The first Bible printed in Spanish (1569), by Cassiodoro de Reina. It's also called the Bear Bible because its cover shows a bear reaching into a tree for honey.


Polyglot Bible, 1599, in Syriac, Greek, Latin, Hebrew, German, Italian, Spanish, Polish, English and Danish.


Miniature Bible chained to the pulpit, 1890.


Their Gutenberg Bible page, c. 1455.


Bible in Algonquin Indian


The best part of this panel is the claim that the Codex Alexandrinus was "transferred to Constantinople in 1621 and finally to the British Museum in 1627". Given that there was no such city in 1621 and no such museum in 1627, it makes you wonder if the person who wrote this was high on smoking Dead Sea Scroll fragments (Hans Sloane's collection formed the core of the Museum in 1758, but in 1627 he hadn't even been born yet).

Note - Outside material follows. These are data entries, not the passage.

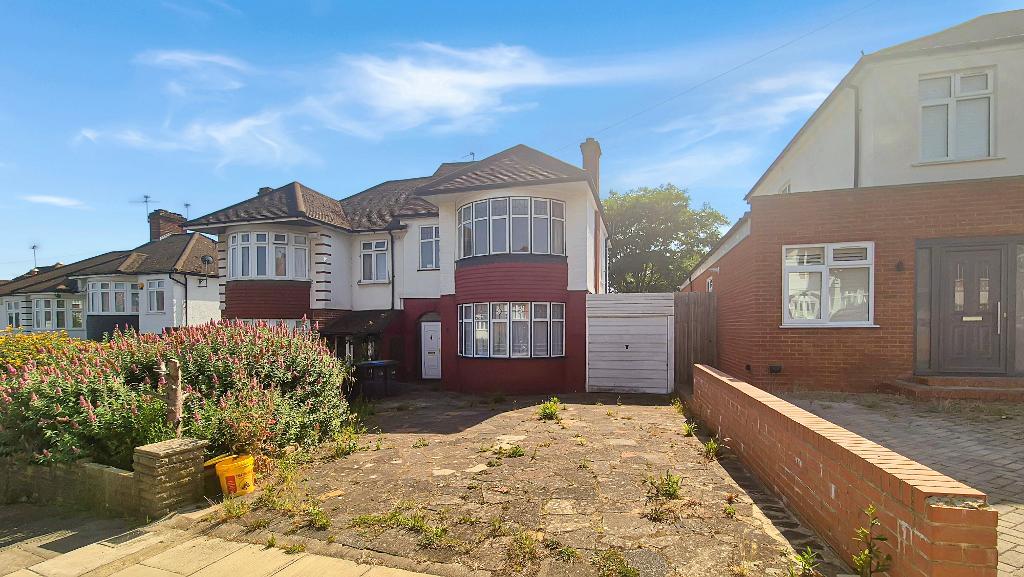 South Lodge Drive, London, N14 4XD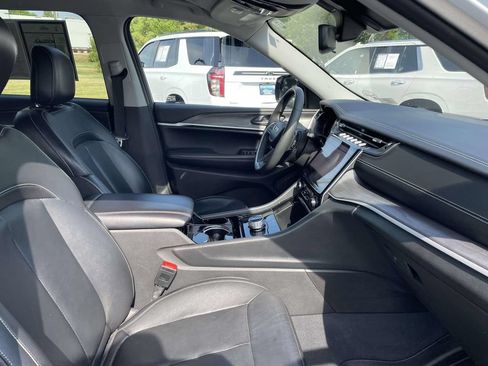 Used 2023 Jeep Grand Cherokee L Limited w/ Black Appearance Package RWD image 9
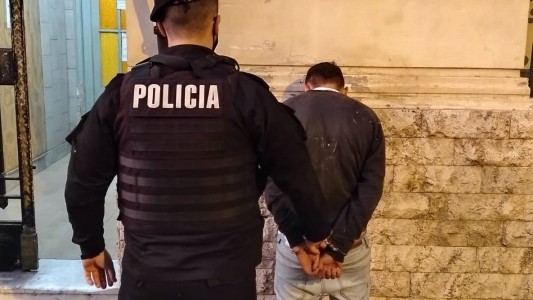 Tiene 14 años y lo agarraron con casi dos kilos de droga y un arma de fuego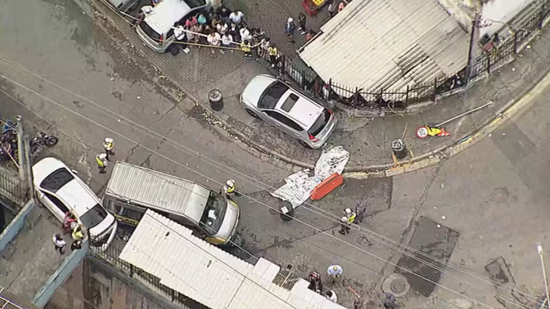 Criança de 10 anos morre após ser atingida por van escolar em São Paulo - Créditos: Reprodução/ Rede Globo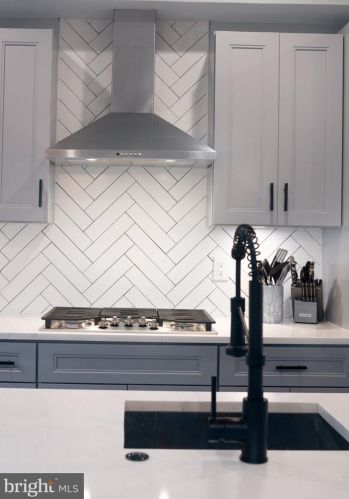 1313 29 St, Philadelphia PA 19121-4503 exterior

This panel claims that the Codex Sinaiticus used to contain the whole Bible, and that it is a "complete Bible". In the sense that all the books were represented, this is true, yet this is a mischievous and misleading claim since the exhibition's agenda is to convince people that the Bible arrived by fax from Heaven.

Aside: there's a fascinating relationship between the Codex Sinaiticus and the rubbish bin.


More pottery

The gifts section was hilarious:


"How We Got the Bible
*Quote from 2 Timothy 3:16-17 on the Bible being perfect*"

Someone was flipping through it, and I read "The Bible is inspired by God" (I didn't take pictures as it was not polite). This would be a good exhibit for a lesson on logical fallacies.


A book by Craig Lampe, the father of the curator (who wrote the foreword for his father?!), with pages from the 1560 Geneva Bible and 1611 KJV.


The Roman coins had sold out already, but there were still Jewish coins.

I then went back to looking at the exhibition.


1649 Hybrid Bible - KJV with the Geneva notes


1560 Geneva Bible. Feel the waves of adulation.


The Pigrim's Progress. They didn't mention it here, but it's a religious allegory so no, it's not really a secular item.


Martin Luther's Sermons on The Letters of Peter and Jude, 1581


The Chronology of Ancient Kingdoms, Isaac Newton. 1728.


"It is often claimed that William Shakespeare's phraseology influenced the making of the King James Bible. This is actually quite erroneous, for it was Tyndale who influenced Shakespeare. Scholars have counted over 5,000 instances in which William Shakespeare used the language of William Tyndale!"

I found some sources which claim Shakespeare based his language on Tyndale, but they were all evangelical Christian ones. The others talked about the latter having an influence on the former (many didn't even mention this, though that is unfair).


Greek NT, 1550


Counter-Reformation Bible, 1556


1519 Erasmus Bible

I overheard a conversation between one curator and someone - on usual weekdays they got 800 people, but the day I went there were 1,200.

There was also an activity room, where visitors (mainly kids) could do various things. Tellingly, virtually the activities had nothing to do with the Dead Sea Scrolls, even peripherally:


"Print Your Own Bible Lead Here!" (notice it's not "Print Your Own Dead Sea Scroll Here!")


Buy extracts from the KJV


Printing John 3:16 (not in the Dead Sea Scrolls) in Greek


Printing 1 John 4:8 (not in the Dead Sea Scrolls) in Greek


13th Century Bible

I was toying with telling them, at the end of the exhibition, that I was impressed by the Bible's integrity over the centuries, and the faith of all the people involved in preserving these religious texts, and that I wanted to know more about Christ. That would've been like a Wet Dream for them, but then Onanism is a Sin, so I decided not to lead them down the Path to Destruction.


"Free Will Gift For Guides. $2.00"
I think they meant "GOOD Will Gift"


Dead Sea product placement outside the exhibition rooms

Surprisingly, I didn't see anyone using their Camera Flashes during the exhibition - the crowd was remarkably well-behaved.